Un autre avantage était que Tux Paint pouvait être facilement porté vers Windows, Mac OS X et d’autres plateformes, et c’est exactement ce qui est arrivé. Je n’imaginais pas que je pouvais avoir un impact pour ces plateformes, étant donné qu’il existait déjà un grand nombre de programmes pour enfants, notamment le populaire et ancien (depuis les premiers jours de Mac) Kid Pix. Ce que je n’avais pas vu tout de suite c’est que, comme Tux Paint est libre, il est devenu une alternative peu chère (comprendre : gratuite) aux applications commerciales pour toutes les plateformes, et non pas que pour GNU/Linux. Cela s’est avéré très pratique pour les écoles, dont nous connaissons tous les problèmes actuels de financement.

Pourquoi l’interface est-elle facile d’utilisation pour les enfants de la maternelle jusqu’au primaire ?

Il y a une variété de choses que j’ai appliquées pour garder une interface simple d’utilisation :

  • de gros boutons qui ne disparaissent pas, même si vous ne les utilisez pas ;
  • toutes les actions ont une icône, ainsi qu’un texte descriptif ;
  • Tux le Pengouin fournit quelques indices, infos et états en bas de la fenêtre ;
  • des effets sonores, qui ne sont pas juste amusants, mais qui fournissent un feedback ;
  • un seul type de pop-up de dialogue, avec seulement deux options (ex. « Oui, imprimer mon dessin », « Non, retour »)
  • pas de défilement.

La raison pour laquelle Tux Paint ne vous demande pas : « Quelle taille pour votre dessin ? » est que lorsque les enfants s’asseyent avec un morceau de papier pour dessiner, ils ne commencent pas par le couper à la bonne taille.

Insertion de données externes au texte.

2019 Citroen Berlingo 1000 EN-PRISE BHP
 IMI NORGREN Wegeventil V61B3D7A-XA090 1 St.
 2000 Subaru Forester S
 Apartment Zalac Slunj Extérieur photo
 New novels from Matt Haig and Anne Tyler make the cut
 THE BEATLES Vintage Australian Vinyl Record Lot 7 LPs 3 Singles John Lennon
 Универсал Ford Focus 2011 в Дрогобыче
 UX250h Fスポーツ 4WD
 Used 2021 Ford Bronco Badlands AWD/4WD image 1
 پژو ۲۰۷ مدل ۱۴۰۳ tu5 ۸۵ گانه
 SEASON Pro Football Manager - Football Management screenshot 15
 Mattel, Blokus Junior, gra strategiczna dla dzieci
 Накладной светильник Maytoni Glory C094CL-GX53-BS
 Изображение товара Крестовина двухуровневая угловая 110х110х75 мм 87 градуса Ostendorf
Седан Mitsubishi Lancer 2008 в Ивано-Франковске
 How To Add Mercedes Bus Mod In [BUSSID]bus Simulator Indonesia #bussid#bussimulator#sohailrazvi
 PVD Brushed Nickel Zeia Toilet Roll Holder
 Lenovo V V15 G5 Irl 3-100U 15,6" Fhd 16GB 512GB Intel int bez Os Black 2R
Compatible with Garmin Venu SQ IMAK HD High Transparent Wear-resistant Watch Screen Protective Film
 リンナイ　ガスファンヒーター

La plupart du temps, ils se contentent de commencer, et si vous leur demandez de décider quelle taille de papier ils souhaitent avant de commencer à dessiner, ils vont se fâcher et vous dire que vous ne les laissez pas dessiner !

Des effets sonores amusants et une mascotte dessinée sont importants et motivants pour les enfants, mais est-ce que les adultes utilisent Tux Paint ?

Oui, j’ai eu certaines suggestions comme quoi on l’utiliserait davantage s’il y avait un moyen de désactiver le manchot Tux. Je comprends à quel point les logiciels pour enfants peuvent parfois être énervants, c’est pourquoi j’ai créé une option « couper le son » dès le premier jour.

Quelles belles histoires à nous raconter ?

Un hôpital pour enfants a mis en place une sorte de borne d’arcade utilisant Tux Paint avec des contrôleurs spéciaux (plutôt qu’une souris).

Des élèves de CP ont utilisé la vidéo-conférence et des screencasts pour apprendre aux enfants de maternelle d’une autre école comment utiliser Tux Paint. Ces mêmes écoles utilisent aussi Tux Paint pour créer ensemble des images à partir des histoires sur lesquelles les enfants travaillent. Ils font ensuite des vidéos en intégrant ces histoires.

J’ai mis en ligne les textes de présentation de ces histoires et d’autres travaux pour encourager d’autres éducateurs à essayer et utiliser Tux Paint : « Oui, ce truc fou, libre et gratuit est génial pour les écoles ! » Bien sûr, une décennie plus tard, ce n’est plus la même bataille que d’expliquer ce qu’est le logiciel libre et quels sont ses avantages, ce qui est excellent.

Est-ce que les éducateurs utilisent Tux Paint en dehors des arts plastiques ?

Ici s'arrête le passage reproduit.